Sivil vesayet örtüsü geçirmek istiyorlar
CHP’l Hakkı Süha Okay, AKP’nin kendi derin devletini ve dikta yöntemlerini yaşama geçirdiğini öne sürerek, “Türkiye üzerine sivil vesayet örtüsü geçirilmek isteniyor” dedi. AKP’nin kitabında ’demokrasi’nin yazmadığını kaydeden Okay, Başbakan Erdoğan’ın kendilerine sivil dikta yakıştırması yapanları ’tek parti zihniyetiyle yoğrulmuş siyasetçiler’olarak nitelendirmesine de tepki gösterdi. Okay, “Anlaşılan Sayın Başbakanın Türk siyasi tarihi konusunda bilgi eksikliği bulunmaktadır. CHP askeri vesayetlere bedel ödemiştir” diye konuştu. Okay, AKP’nin tüm istihbaratı tek elde toplayarak, istihbarata ’kuma yönetimi’getirmek istediğini de savundu. Okay, bir soru üzerine Ümraniye davasının kimi gizli tanıklarının, Kamu Düzeni ve Güvenliği Müsteşarlığı içerisinde yeni bir yapılanmanın unsuru olacağını da kaydetti.

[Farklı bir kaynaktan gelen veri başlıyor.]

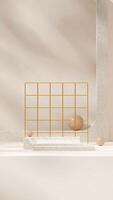 terrazzo texture podium in portrait with gold grid and brown sphere 3d rendering template mockup photo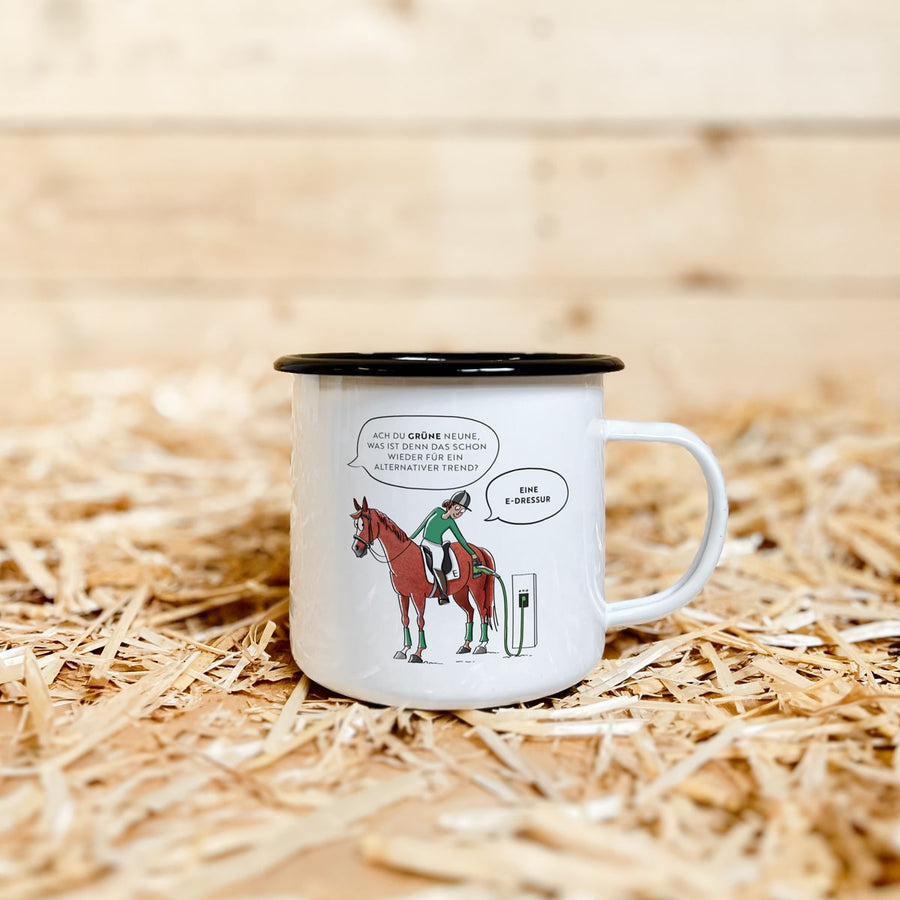 Emaille-Tasse "E-Dressur"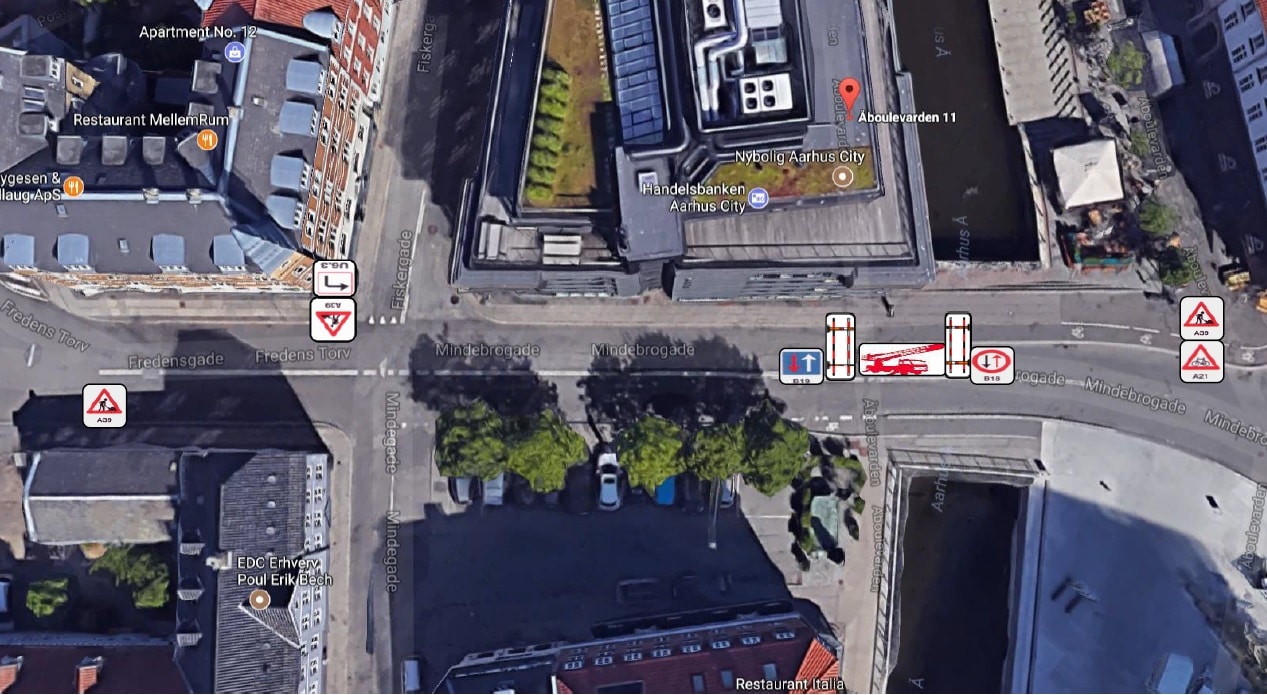 Afspærring og skiltning ved Mindebrogade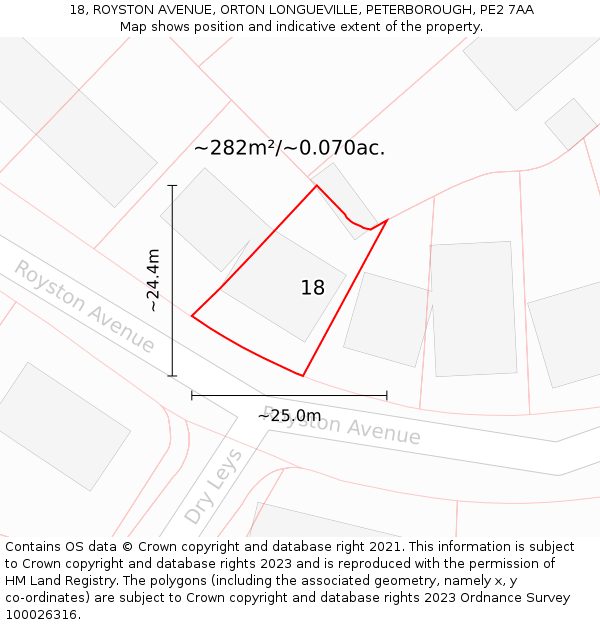 18, ROYSTON AVENUE, ORTON LONGUEVILLE, PETERBOROUGH, PE2 7AA: Plot and title map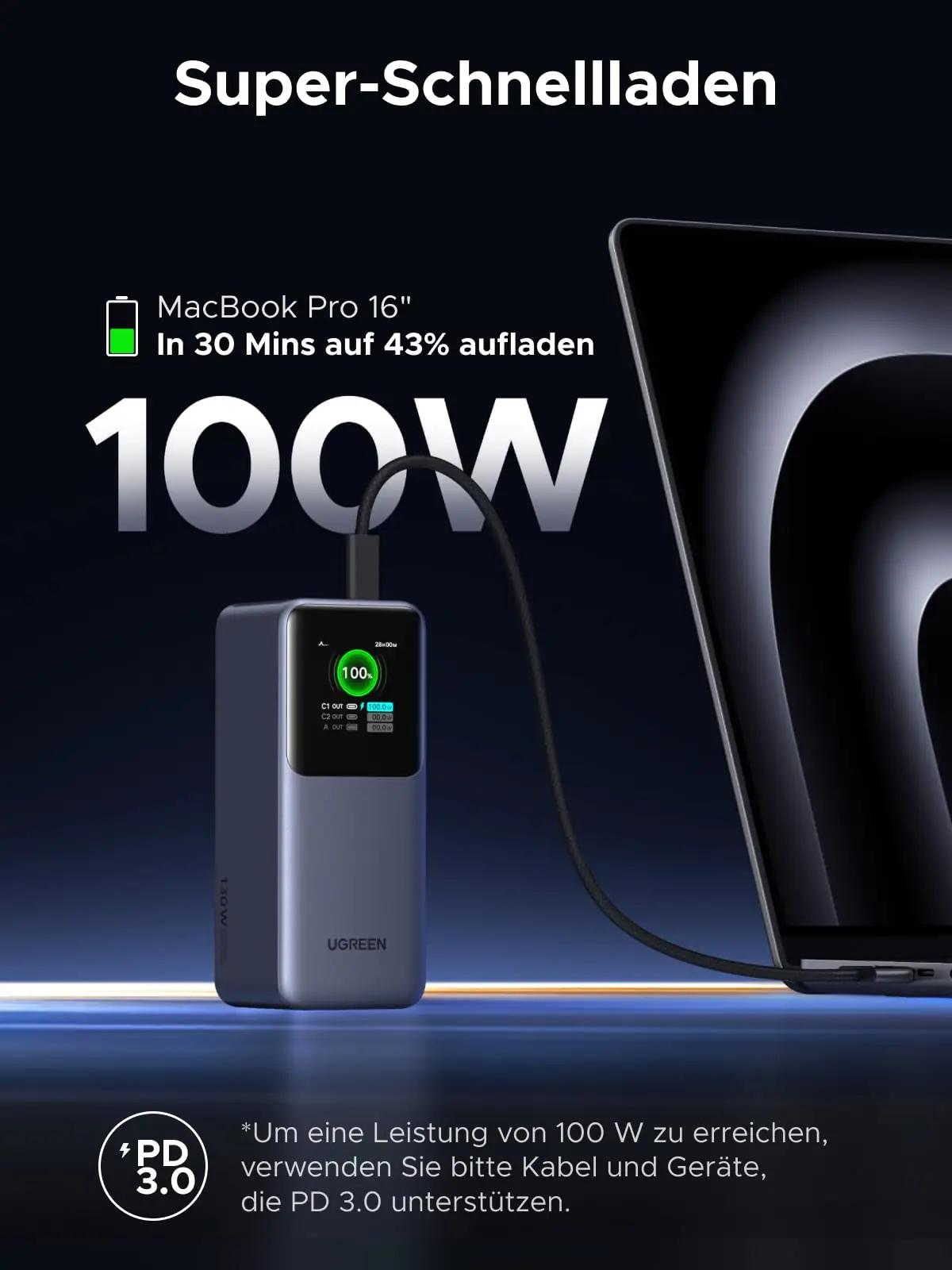 UGREEN tugev 20000 mAh veekindel powerbank – kiire laadimine – detailne vaade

Bülent İvedik demek daha doğru olur
CHP’li Okay, Başbakan Yardımcısı Bülent Arınç’ın, kendisine yönelik suikast girişimi iddialarıyla ilgili söylediği “Türkiye’de yaşayan bir insan ahmak değilse bu olayı nasıl küçültebilirsiniz?” şeklindeki sözlerine de sert çıktı: “Kimse bu lafa alınıp da dava açmasın. Sayın Arınç bakan olduktan sonra kontrolünü tamamen yitirdi. Bakanlık kendisine dokundu, ağzı bozuldu. Recep İvedik filmlerinden etkileniyor. Kendisine artık Bülent İvedik denmesi daha doğru olur. Televizyon kanallarının Sayın Arınç’ın kimi açıklamalarını biplemesi lazım.”